## Data supplied
=====
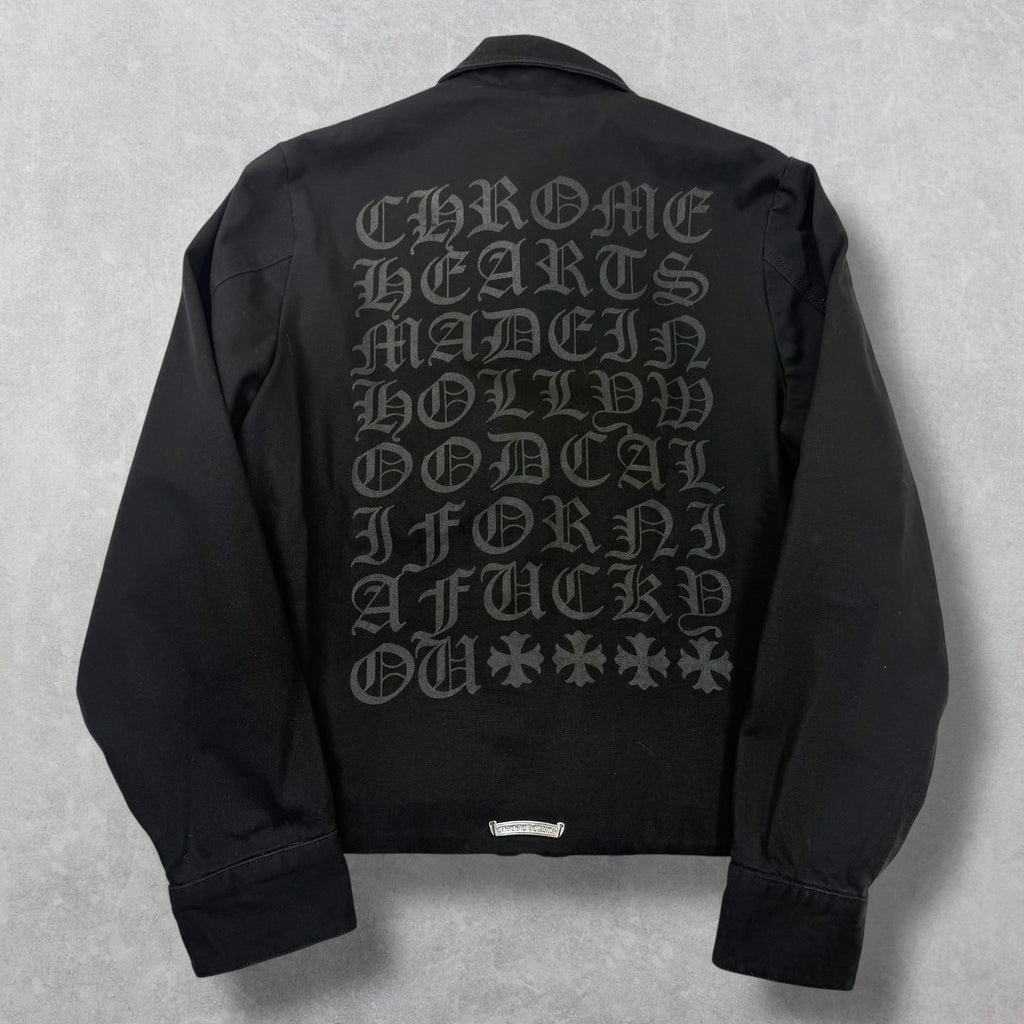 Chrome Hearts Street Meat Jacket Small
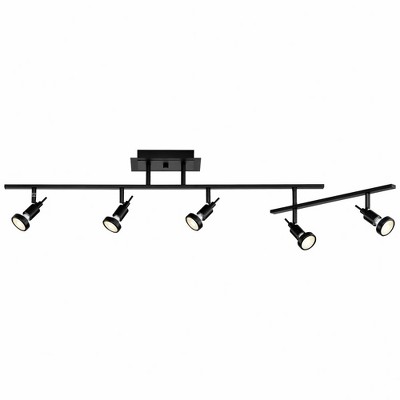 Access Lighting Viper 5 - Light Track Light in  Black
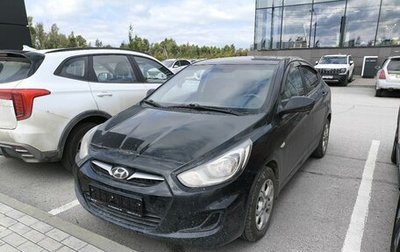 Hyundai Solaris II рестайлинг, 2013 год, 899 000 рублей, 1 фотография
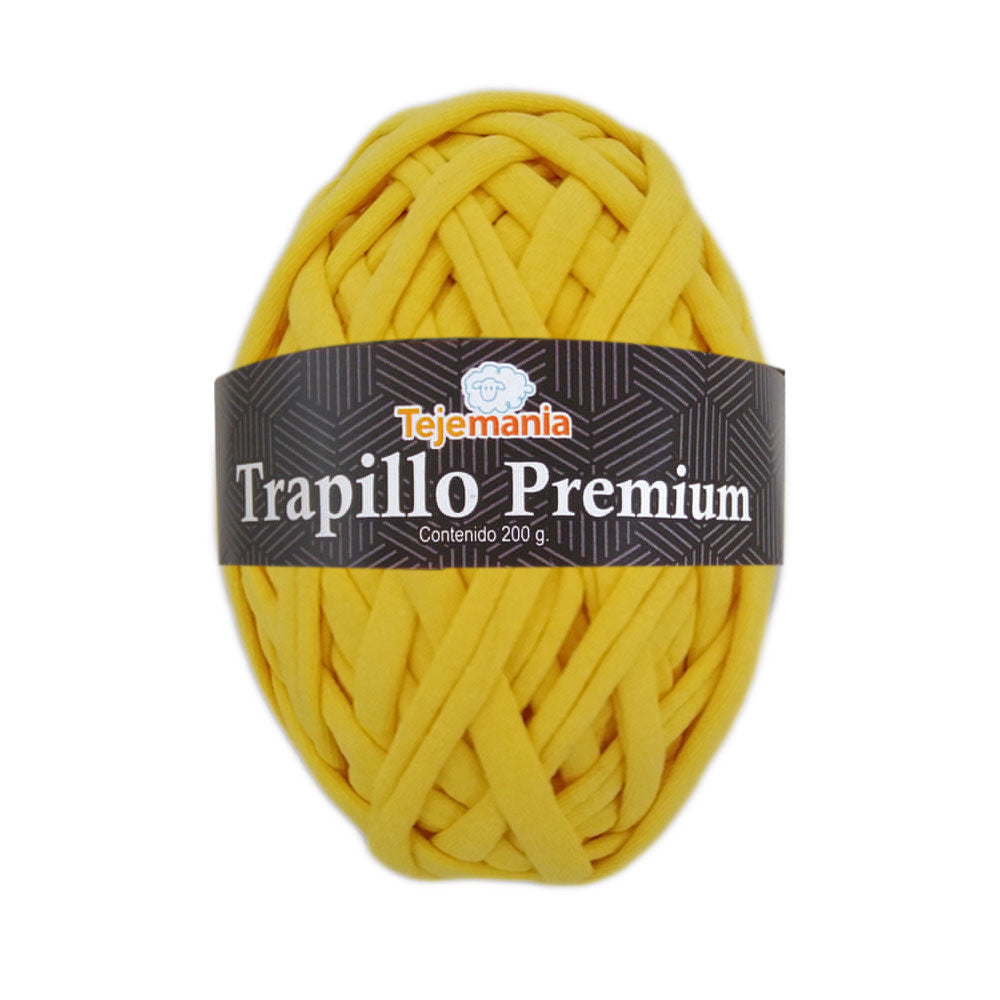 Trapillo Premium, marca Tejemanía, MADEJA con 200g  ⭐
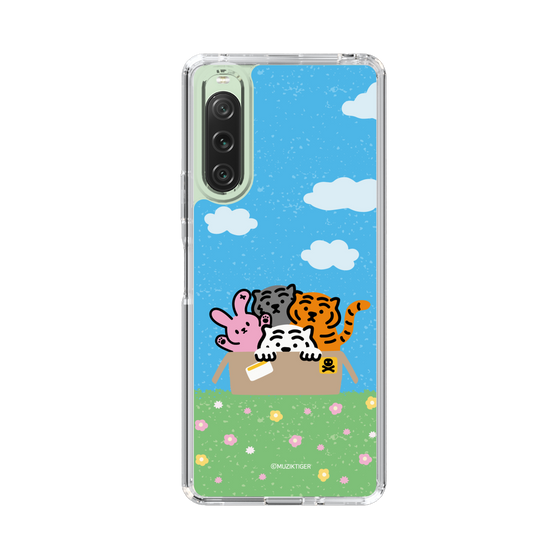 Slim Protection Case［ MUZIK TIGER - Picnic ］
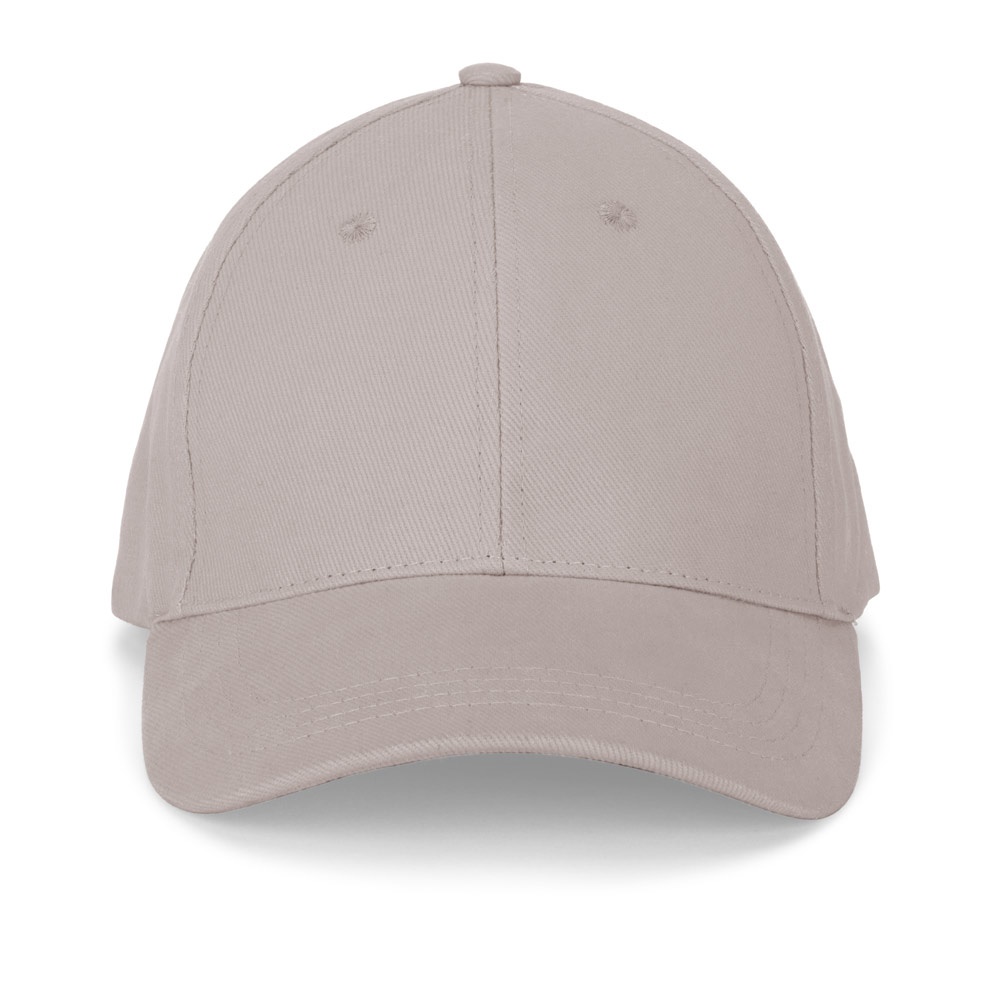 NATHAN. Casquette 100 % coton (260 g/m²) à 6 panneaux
=====
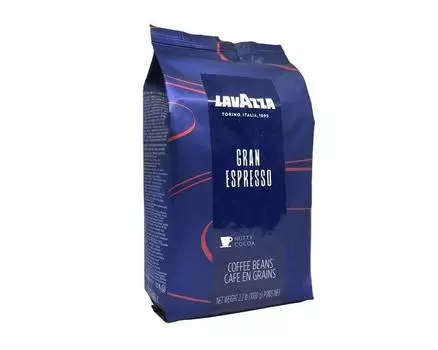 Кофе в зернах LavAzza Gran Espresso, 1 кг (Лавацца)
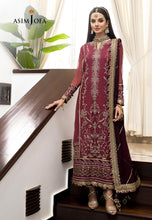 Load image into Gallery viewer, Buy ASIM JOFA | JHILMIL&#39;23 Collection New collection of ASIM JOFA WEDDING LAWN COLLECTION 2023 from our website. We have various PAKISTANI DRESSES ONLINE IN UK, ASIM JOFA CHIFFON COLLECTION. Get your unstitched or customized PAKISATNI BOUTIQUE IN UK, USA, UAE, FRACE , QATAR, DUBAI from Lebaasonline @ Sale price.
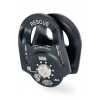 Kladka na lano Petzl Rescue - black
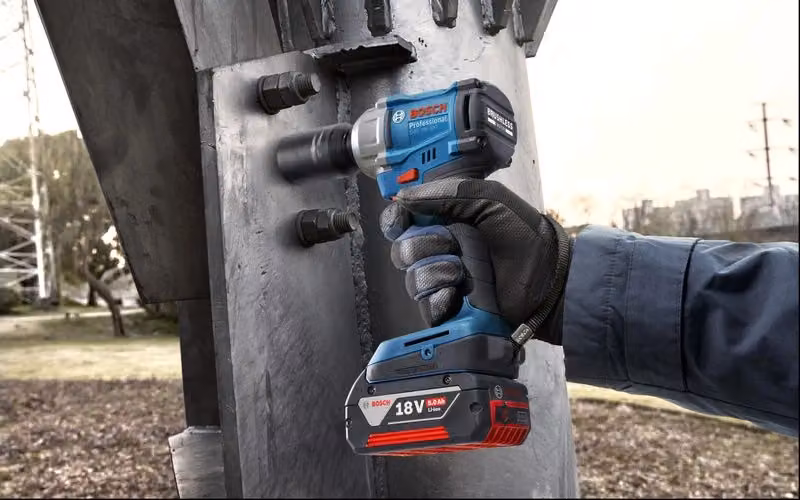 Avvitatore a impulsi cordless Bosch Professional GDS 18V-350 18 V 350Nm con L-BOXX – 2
=====
## Required action
The copy should hold exactly the lines above from the one with "Chrome Hearts Street Meat Jacket Small" through the one with "NATHAN. Casquette 100", both ends counted, and no pictures at all.

## Expected output
 Chrome Hearts Street Meat Jacket Small
 Access Lighting Viper 5 - Light Track Light in  Black
 Hyundai Solaris II рестайлинг, 2013 год, 899 000 рублей, 1 фотография
 Trapillo Premium, marca Tejemanía, MADEJA con 200g  ⭐
 Slim Protection Case［ MUZIK TIGER - Picnic ］
 NATHAN. Casquette 100 % coton (260 g/m²) à 6 panneaux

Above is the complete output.